Were there any small envelopes in the box? Do you still have the box?

As D&J Railroad said, some pictures would be good so we have a better idea of how to possibly help.


----------



## turkeyhuntr (Mar 24, 2015)

OK, here it is, let me know what you think.


----------



## turkeyhuntr (Mar 24, 2015)

Definitely a blue box, but no envelopes. The place where the coupler should be is empty.


----------



## johnfl68 (Feb 1, 2015)

Do the coupler pockets have the lids and screws on them?

If so you just need to get Kadee #27 couplers for it and install them (assuming you want knuckle couplers).

http://www.kadee.com/conv/pdf/ath32.pdf

Looking at the assembly drawing, the coupler box is part of the frame, so it should be there. The lid that comes with the #27 might work if yours is missing from the AMD-103, but I can't say for sure.

http://hoseeker.net/assemblyexplosionAthearn/Assembly Explosion Athearn AMD 103 1997.jpg

Hopefully this points you in a better direction. Not sure what else might be missing, these haven't been made in a long time, so parts are hard to find, unless you find another new old stock on eBay that still has everything for a reasonable price.


----------



## turkeyhuntr (Mar 24, 2015)

ok, there definitely is no coupler on the engine, it's just a post, no screw. I have posted pics of the coupler on a box car (Erie Lackawanna 74163).
Questions: Do you know what coupler I should buy to put on the engine so I can connect to this car?
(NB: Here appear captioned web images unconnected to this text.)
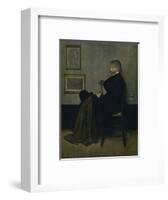 'Arrangement in Grey and Black, No.2: Thomas Carlyle', c1872-James Abbott McNeill Whistler-Framed Giclee Print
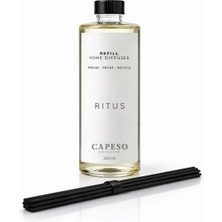 Capeso RITUS 250 ml Çubuklu Oda Kokusu Yedek Şişe (Refill) İstanbul Kokusu – 5 Adet Çubuk Seti Dahil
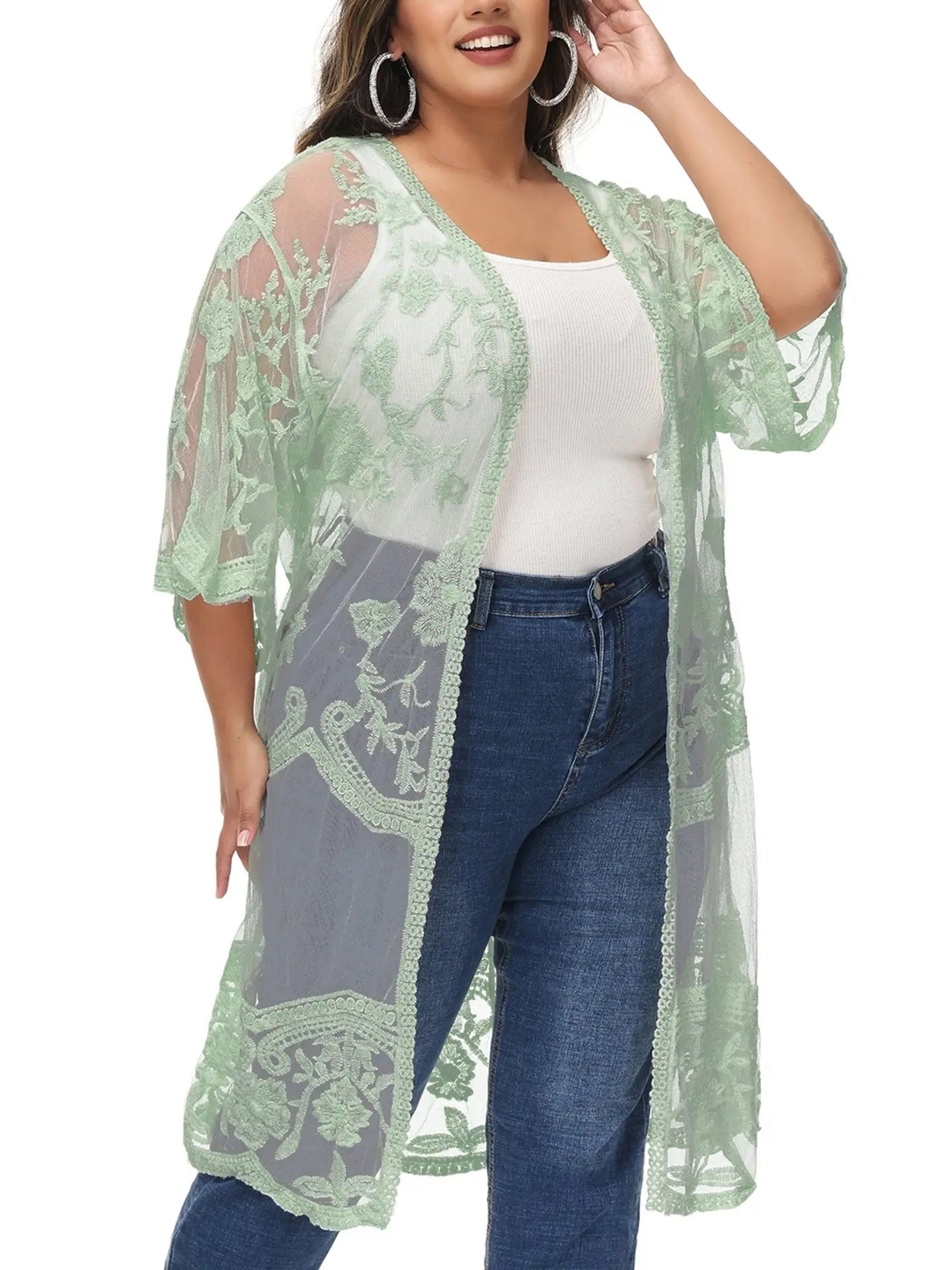 Floral Lace Cardigan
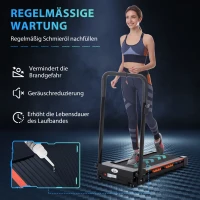 HOMCOM Elektrische loopband met LCD-display inklapbare fitnessapparaat 1-6 km/u staal(m-6)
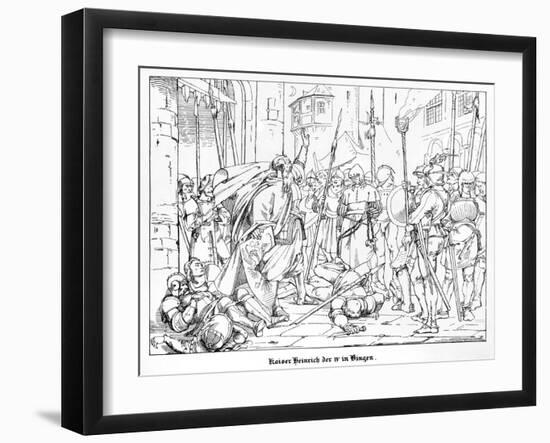 Emperor Henry IV at Bingen-Alfred Rethel-Framed Giclee Print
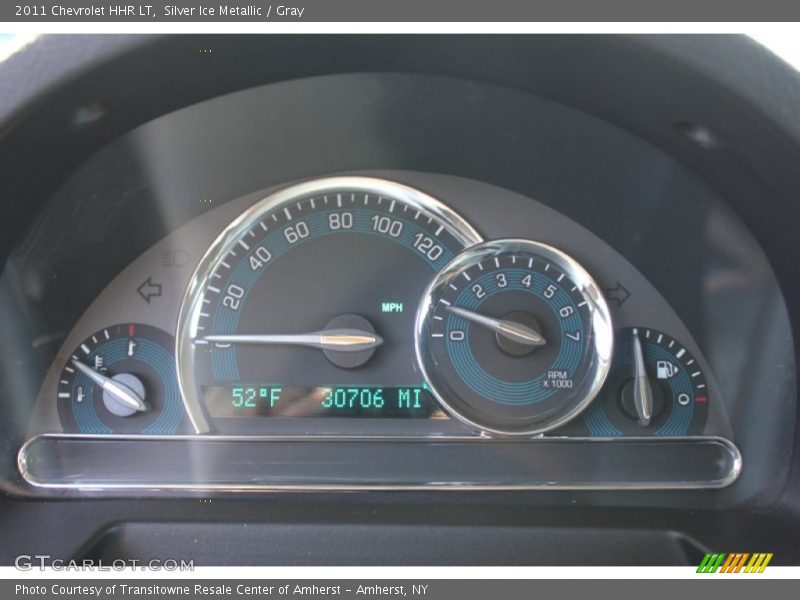 Silver Ice Metallic / Gray 2011 Chevrolet HHR LT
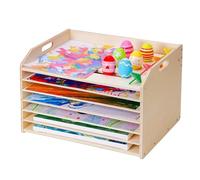 Puzzle Holder Rack, Adjustable Storage Display Shelf, 15.1x11.7x9.9 inch Puzzle Organizer System with Carry Handle Design, Durable Lightweight Frame Build, Educational Storage Style Accessory, Home Us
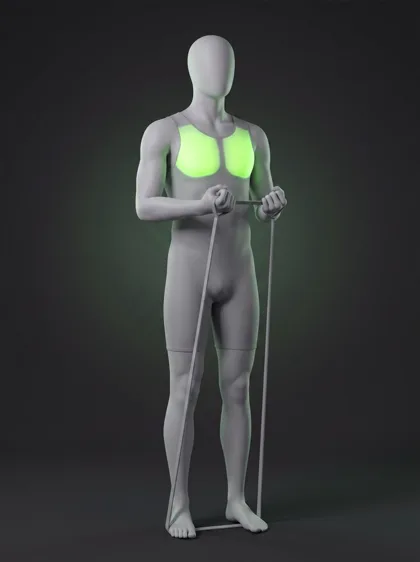 Resistance Band Chest Fly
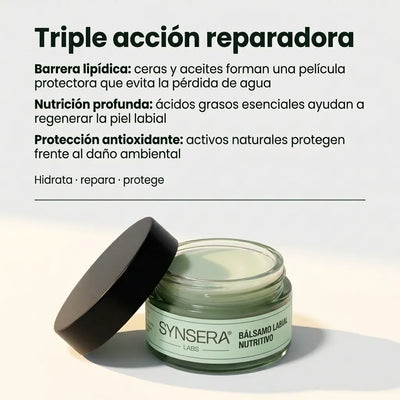 Bálsamo labial 100% natural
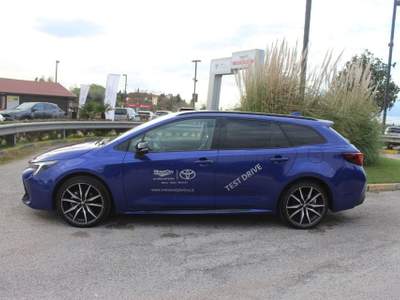 Toyota Corolla GR SPORT 1.8 Hybrid Touring Sports Blu/Azzurro usata Roma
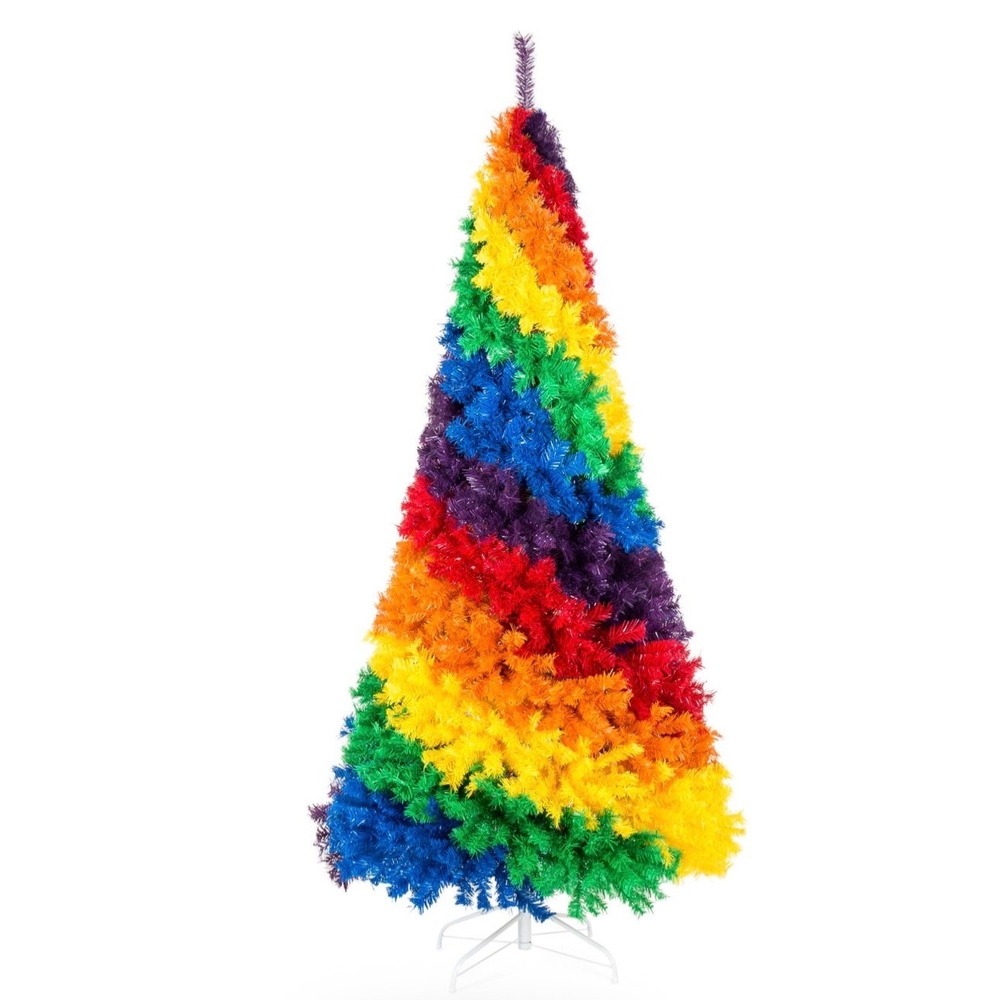 WINTER WONDER LANE PRE LIT Christmas RAINBOW TREE 7FT 400 LIGHT BRAND NEW!!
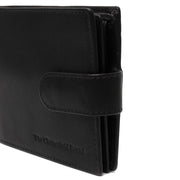 Curtis Full-Grain Leather Wallet 男士 - Structured Side Profile Showing Gusset Depth &amp; Expansion Capacity
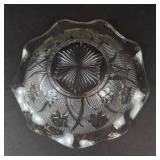 Jeannette Iris & Herringbone Ruffled Edge Bowls (Lot of 2)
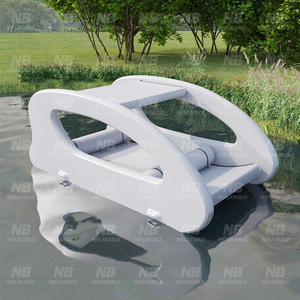 Mới nhất thiết kế sang trọng nổi Inflatable Nhà Nước Catamaran thuyền cho nước - Product Image 1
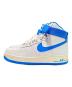 NIKE (ナイキ) Air Force 1 High (エア フォース 1 ハイカット) ブルー×ホワイト サイズ:24.5cm：5000円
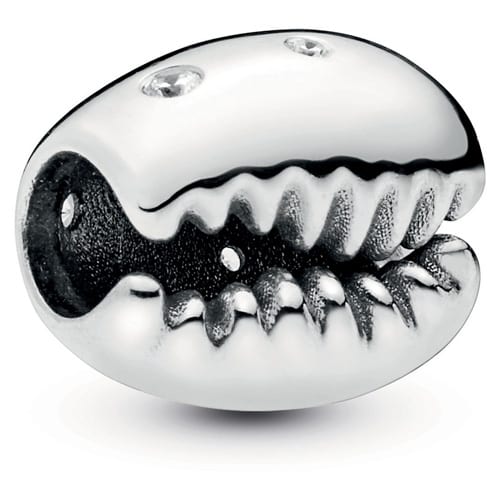 Sparkling Coffee Bean Shell Charm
In Johnfl68's post the part # of the coupler is 90601 but I don't know if that will connect to my car.
2. where can i buy it
3 will i be able to install it

Thanks for your help, you guys are great.


----------



## bluenavigator (Aug 30, 2015)

These are called horn couplers. 

One will chime with the correct Kabee couplers. I had not replace mine yet.


----------



## Josephbw (Jul 23, 2015)

You probably need the U shaped clip that holds the coupler on the engine. What you have on your car are called horn hook couplers. They work (kind of) and will do until you decide to change couplers down the road. I've been replacing horn hooks with Kadee #148's and have thrown away hundreds of the horn hooks. If you know someone local or a hobby shop, they will probably give you all you want. The coupler clips are available, but will probably have to be ordered.

Good Luck
Joe


----------



## CTValleyRR (Jul 26, 2014)

To answer your last question first: installing couplers falls under the list of "Extremely Basic Model Railroading skills". If you can handle small parts and turn a screwdriver, you can install a coupler.

Do you have a set of miniature screwdrivers? If not, that's your first purchase.

I would recommend simply installing a Kadee #27 according to the instructions John provided above. You can get them (and most of your model railroading needs) at www.modeltrainstuff.com. Walthers (www.walthers.com) is the largest distributor in North America. They list most of what is for sale, but always charge MSRP. EBay is popular with model railroaders, as is Amazon. There are also a number of other dealers, and some specialty ones as well. Your local hobby shop is also a good place to buy, just don't expect thrm to compete with internet ptices.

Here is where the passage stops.